Available data =
'''

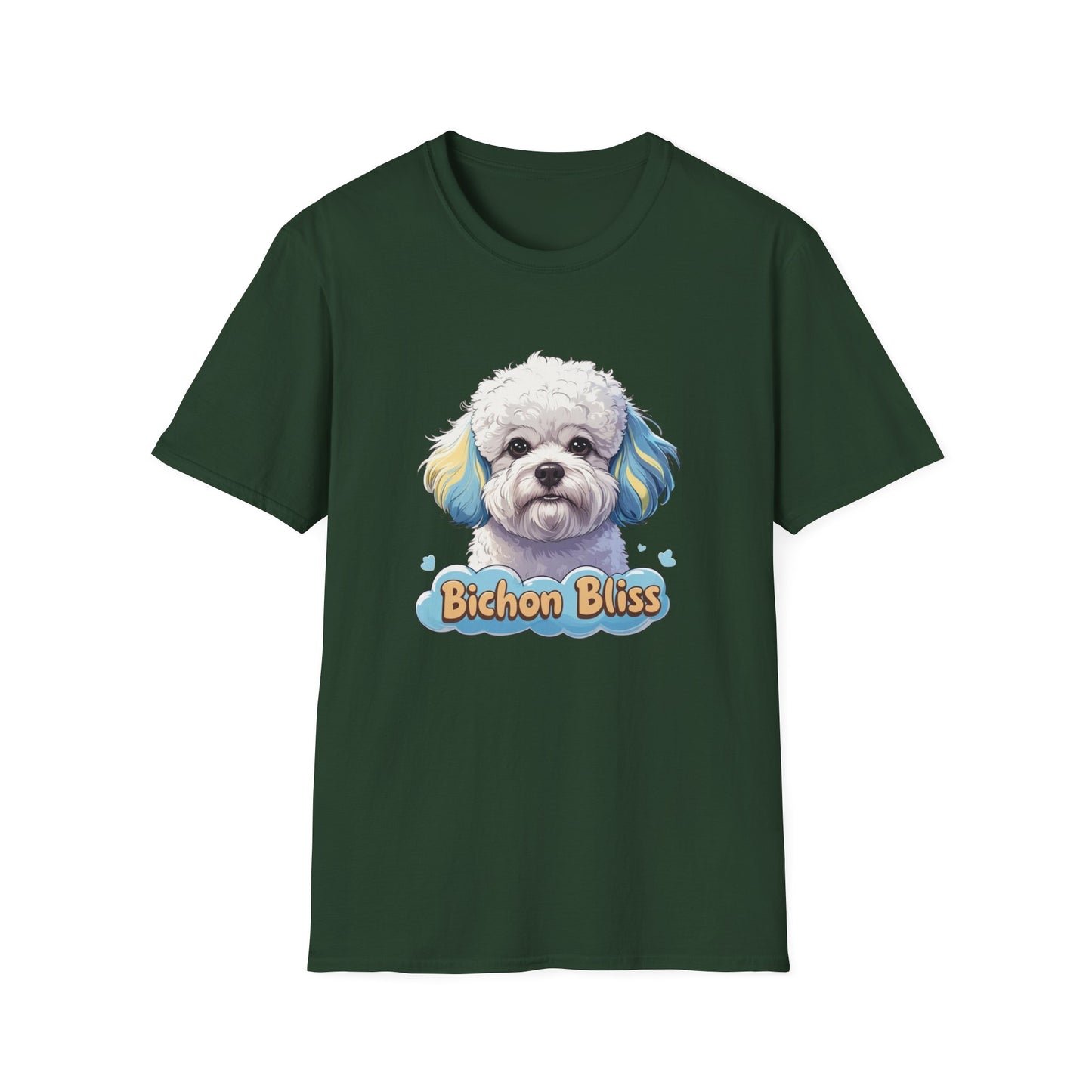 Bichon Bliss T-Shirt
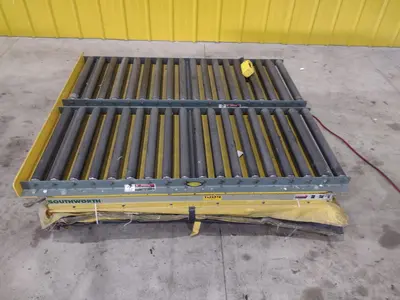 USED SOUTHWORTH LS4-36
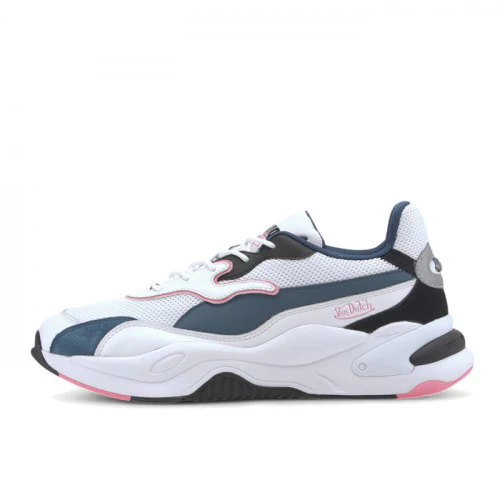 RS-2K VON DUTCH Puma White - Image 2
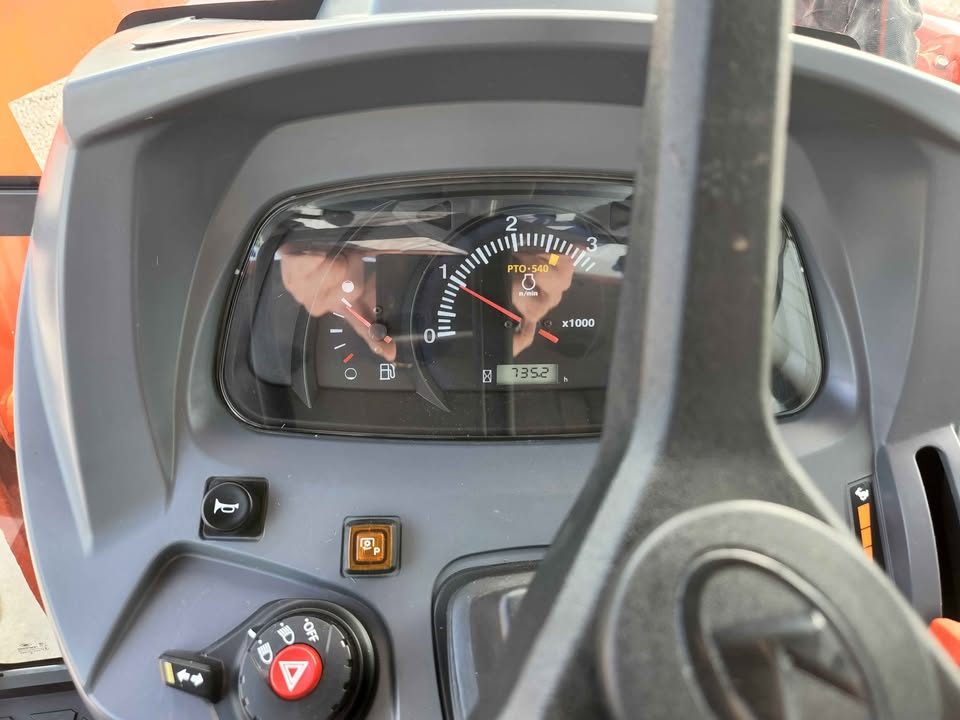 2020 Kubota mx5400 4x4 photo 8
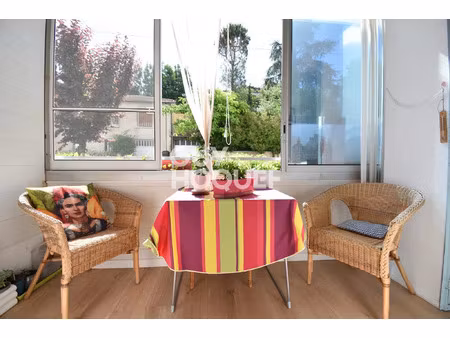 vente appartement 3 pièces 60 m² valence (26000)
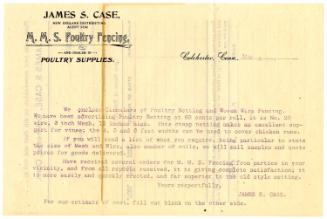 Connecticut Historical Society collection, 2019.1.26, Connecticut Historical Society, No Known …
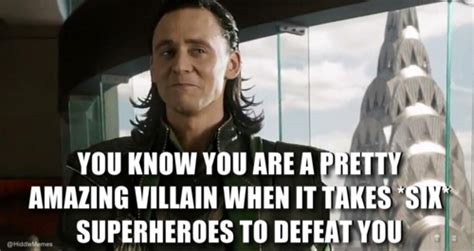 This tweet to receive a reminder when new episodes become available every wednesday on. Loki Meme - Loki (Thor 2011) Photo (33899486) - Fanpop
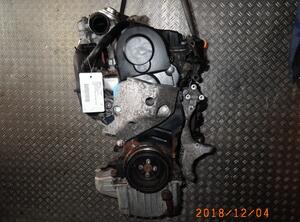 117247 Motor ohne Anbauteile VW Polo IV (9N, 9A) BNV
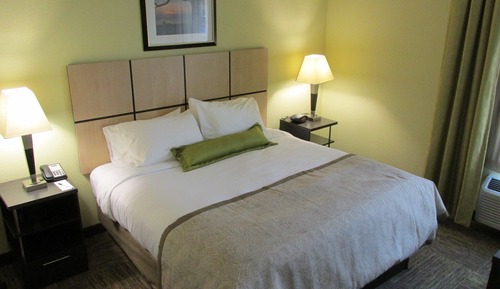 Habitación estándar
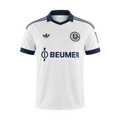 Schalke 04 Away 2026/27 Jersey White Men's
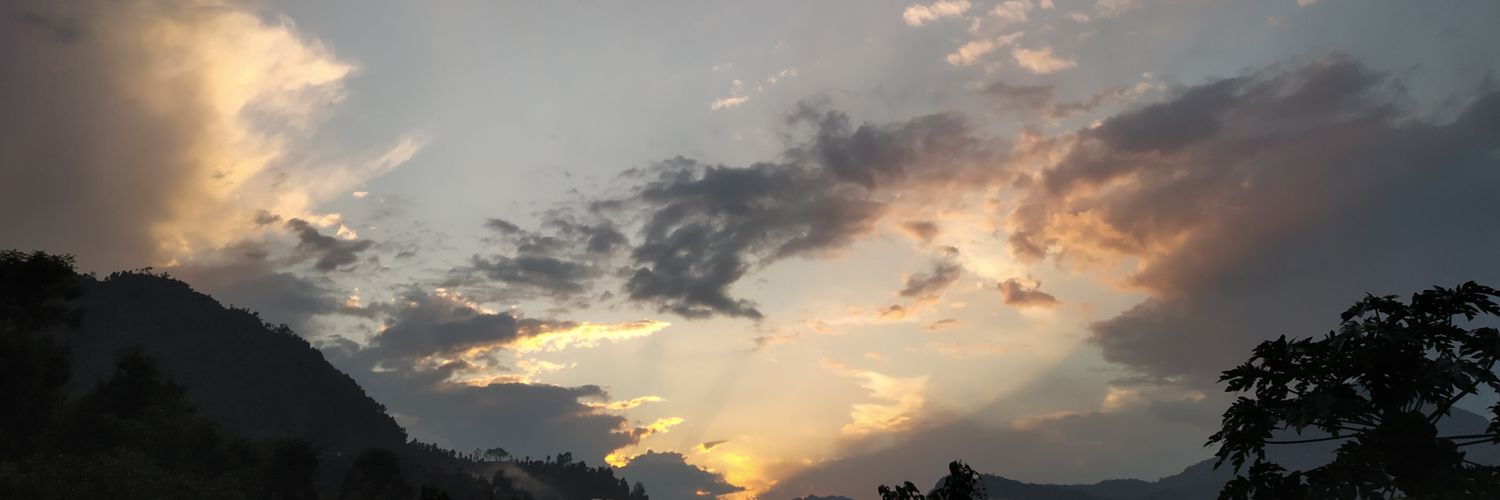 Madhvi26's profile banner image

'''

What you are asked to do = An exact copy of every entry, without pictures, should be your output.

Answer box =
 Bichon Bliss T-Shirt
 USED SOUTHWORTH LS4-36
 RS-2K VON DUTCH Puma White - Image 2
 2020 Kubota mx5400 4x4 photo 8
 vente appartement 3 pièces 60 m² valence (26000)
 Connecticut Historical Society collection, 2019.1.26, Connecticut Historical Society, No Known …
 This tweet to receive a reminder when new episodes become available every wednesday on. Loki Meme - Loki (Thor 2011) Photo (33899486) - Fanpop
 117247 Motor ohne Anbauteile VW Polo IV (9N, 9A) BNV
 Habitación estándar
 Schalke 04 Away 2026/27 Jersey White Men's
 Madhvi26's profile banner image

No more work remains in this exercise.